The Executive Secretary of the Economic Commission for Latin America and the Caribbean (ECLAC), Alicia Bárcena, affirmed today that promoting greater incorporation of the circular economy will enable the region to move towards a more sustainable, inclusive and low-carbon development pattern, during a virtual seminar organized by ECLAC, the Presidency of COP25 and Euroclima+.
“The circular economy, by minimizing the input of new materials and energy, reduces environmental pressure, the emission of pollutants, especially greenhouse gases, and reduces imports and enables savings in foreign exchange,” ECLAC’s highest authority sustained.
She added that in the circular economy, residual products are not seen as waste but instead as resources, which is important if one takes into account that in order to achieve sustainable economic development throughout the world by 2050, the use of materials in industrialized countries must be cut by 90%.
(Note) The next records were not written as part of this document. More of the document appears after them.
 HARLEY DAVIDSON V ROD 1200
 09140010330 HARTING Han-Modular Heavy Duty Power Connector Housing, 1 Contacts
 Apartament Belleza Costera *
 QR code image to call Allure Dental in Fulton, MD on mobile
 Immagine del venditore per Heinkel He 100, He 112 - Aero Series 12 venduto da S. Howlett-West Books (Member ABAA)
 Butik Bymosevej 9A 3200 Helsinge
The seminar, entitled “Progress towards a circular economy in Latin America and the Caribbean: Challenges and opportunities for achieving a more sustainable and low-carbon development pattern,” was inaugurated by Alicia Bárcena and Felice Zaccheo, Head of Unit at the Directorate General for International Cooperation and Development of the European Union. Also participating were representatives of government and international organizations.
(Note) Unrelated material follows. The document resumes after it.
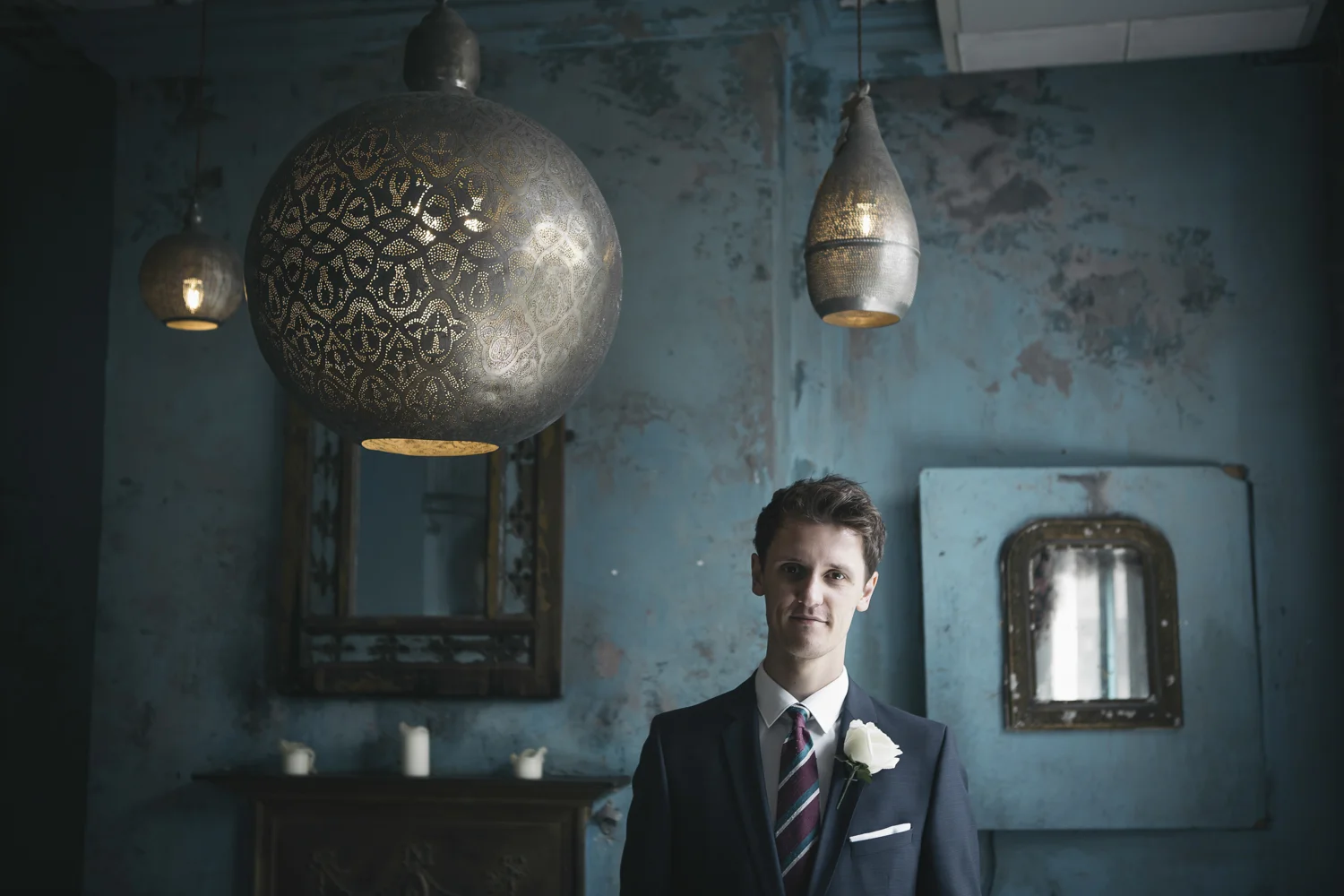 London Wedding at The Paradise by Way of Kensal Green 8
In her remarks, delivered via a pre-recorded video, ECLAC’s Executive Secretary stressed the need to move towards a path that would foster structural change and strengthen the goals of the 2030 Agenda and the Paris Agreement. To achieve this, she said, very robust programs are needed both in terms of public spending and public and private investment.
She emphasized that the significant public investment being made by countries to attain economic recovery, invigorate demand and generate more employment should be focused on more resilient and low-carbon activities. However, she explained, spending on the so-called brown recovery is much higher than on a green recovery, at a ratio of 4 to 1.
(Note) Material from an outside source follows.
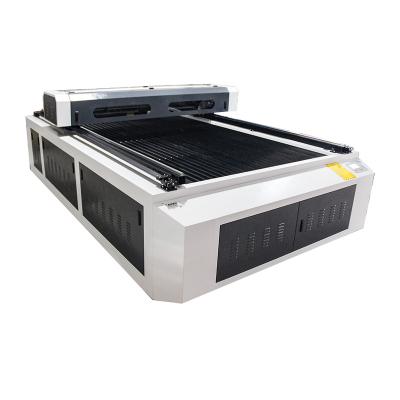 China 1325/1530 Water Cooled CO2 100w/150w Laser Cutting Machine With CE Certification For Acrylic Foam Wood Cutting for sale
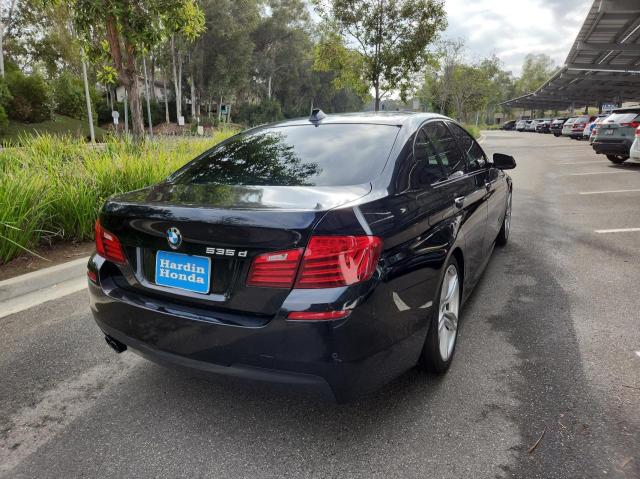 Photo 3 VIN: WBAXA5C55ED690907 - BMW 535 D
“Of the $51 billion dollars that the region’s countries have spent on the economic reactivation, just 2.9% corresponds to green initiatives. On a global level, the percentage of the reactivation that goes to green initiatives is 21%. Therefore, the proportion is still very low for being able to use these packages to truly shift towards a sustainable path,” she stated.
Alicia Bárcena noted that Latin America and the Caribbean generates nearly 1 kilogram of waste per capita each day, and that waste collection coverage in the region is high in comparison with the global average.
She added that in urban areas, around 85% of waste is collected, although the numbers vary from one country to another. This figure stands in contrast to the situation in rural communities, where waste collection coverage is 30% and there is more circularity.
“There is a complex situation with regard to the management of organic waste. Every second, a quantity equivalent to six garbage trucks of edible food is lost or wasted in the world, meaning that 30% of the food that is produced annually for human consumption is wasted. In Latin America and the Caribbean, meanwhile, 15% of available food is lost or wasted each year,” the senior United Nations official warned.
She also underscored that from 1950 to 2017, global plastic production rose from 2 million to 348 million tonnes annually. By 2050, that figure will rise to 1.124 billion tonnes per year, a volume that would represent 20% of total oil consumption in the world. In Latin America and the Caribbean, meanwhile, plastic represents 13% of all waste and its poor management leads to pollution of the region’s soil and seas.
ECLAC’s Executive Secretary specified that in the region, only 4% of urban solid waste is recycled on average, in contrast to developed countries, where the rate is around 20%.
“The majority of existing initiatives in the region are associated with traditional waste management and they must have a more comprehensive vision that would enable addressing, to a larger extent, the aspects and sectors involved in the circular economy. A mechanism for strengthening the circular economy lies in the laws of Extended Producer Responsibility, which extends to the post-consumer stage of a product’s life cycle. This implies that manufacturers and importers take responsibility for collecting their products once their useful life has ended,” she explained.
Finally, Alicia Bárcena stressed that moving towards greater incorporation of the circular economy in the region requires making changes to public policies, regulation, management systems, public finances, investment, financing systems and capacities in all countries.
“All the stages must be addressed: that of production, consumption, and final waste disposal. If Latin America and the Caribbean’s waste and recycling sector were developed to become a key sector, and had a municipal waste recycling rate equivalent to that of Germany, it could contribute to a green economic reactivation: nearly 450,000 stable jobs would be created and the region’s GDP would increase by 0.35%,” she emphasized.
“We are convinced that the benefits of the circular economy are not just economic, but also social and environmental,” she concluded.